QUEENSLAND CIVIL AND ADMINISTRATIVE TRIBUNAL

CITATION:

Oze v Samuels & Anor [2020] QCAT 447

PARTIES:

anita oze

(applicant)

v

ian samuels

gayle samuels

 

(respondents)

APPLICATION NO/S:

NDR086-19

MATTER TYPE:

Other civil dispute matters

DELIVERED ON:

17 November 2020

HEARING DATE:

12 October 2020

HEARD AT:

Brisbane

DECISION OF:

Member Deane

ORDERS:

The Application for a tree dispute filed 6 June 2019 is dismissed.

CATCHWORDS:

ENVIRONMENT AND PLANNING – TREES, VEGETATION AND HABITAT PROTECTION – DISPUTES BETWEEN NEIGHBOURS – whether trees likely to cause serious damage to the neighbours’ land or property – whether trees causing substantial, ongoing and unreasonable interference – whether the interference that is an obstruction of sunlight is severe – whether the trees ought to be removed or trimmed

Neighbourhood Disputes (Dividing Fences and Trees) Act 2011 (Qld), s 46, s 47, s 61, s 65, s 66, s 72, s 73

Laing & Anor v Kokkinos & Anor (No 2) [2013] QCATA 247
Ortlipp & Anor v Bowyer & Anor [2017] QCAT 225
Robertson v Darvas [2016] QCAT 136
Thomsen v White [2012] QCAT 381
Young v Salmon [2016] QCAT 508

APPEARANCES &

REPRESENTATION:

 

Applicant:

Self-represented

Respondent:

Mrs Gayle Samuels

REASONS FOR DECISION

  1. [1]
    Ms Oze and Mr and Mrs Samuels (the Samuels) are neighbours.
  2. [2]
    Ms Oze commenced these proceedings under the Neighbourhood Disputes (Dividing Fences and Trees) Act 2011 (Qld) (the ND Act).[1] Essentially Ms Oze claims that there are eight palm trees (the Trees) located near the common boundary, which should be ordered to be removed at the Samuels’ cost.  Alternatively, she seeks an order that she is entitled to remove all the fronds from the Trees, which overhang her property.
  3. [3]
    The Samuels contend that the application should be dismissed.  In their Response[2] they sought orders for reimbursement of their costs including wages lost due to time taken off work.  There was no evidence before me in respect of such claims and I do not consider them further.
  4. [4]
    Ms Oze claims the Trees:
    1. (a)
      are likely to cause serious injury to a person or to her land or property on her land within the next 12 months;
    2. (b)
      cause substantial, ongoing unreasonable interference with her use and enjoyment of her land;
    3. (c)
      cause an obstruction of sunlight. 
  1. [5]
    She says the Trees:
    1. (a)
      have damaged her car;
    2. (b)
      shade her roof so that it is uneconomic to install solar panels because the panels would operate inefficiently;
    3. (c)
      shade the northern windows to her house so that it is cold in winter, which increases her electricity consumption and costs;
    4. (d)
      are adversely affecting her ability to have a dividing fence constructed on the boundary and have caused the asbestos fence to move or lean;
    5. (e)
      drop nuts, which block her gutters;
    6. (f)
      drop their fronds from a great height, which she has to clean up and which potentially could hurt her children and herself and further damage her car;
    7. (g)
      drop nuts, which her dog eats and becomes ill.
  1. [6]
    Mr Cockram provided a Tree Assessor’s report.[3]

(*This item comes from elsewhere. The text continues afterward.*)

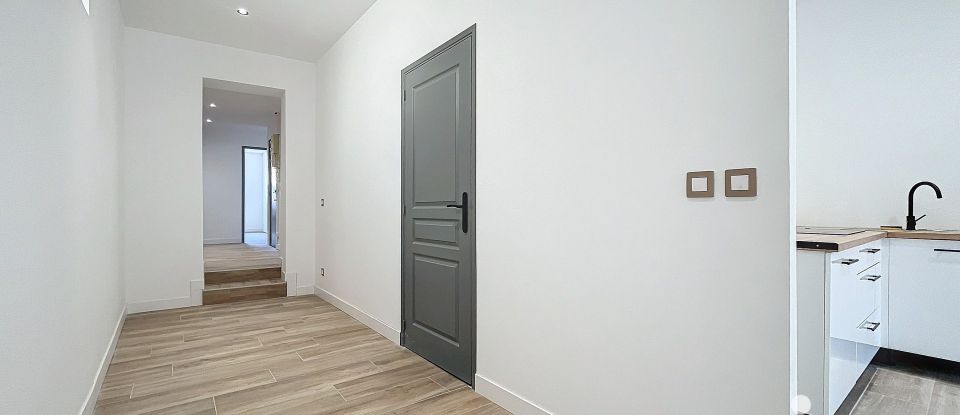 Appartement 3 pièces de 73 m² à Toulon (83000)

Have the pre-requisites of the ND Act been satisfied?

  1. [7]
    I am satisfied that Ms Oze has complied with all of the relevant pre-requisites set out in section 65 of the ND Act for the making of an order under section 66 of the ND Act.

Should an order be made?

  1. [8]
    I am not satisfied, on the balance of probabilities, that Ms Oze is entitled to an order under the ND Act for the reasons set out below.
  2. [9]
    Ms Oze is the applicant and bears the onus of establishing on the balance of probabilities her entitlement to orders under the ND Act.
  3. [10]
    The Tribunal has broad powers to hear and decide:[4]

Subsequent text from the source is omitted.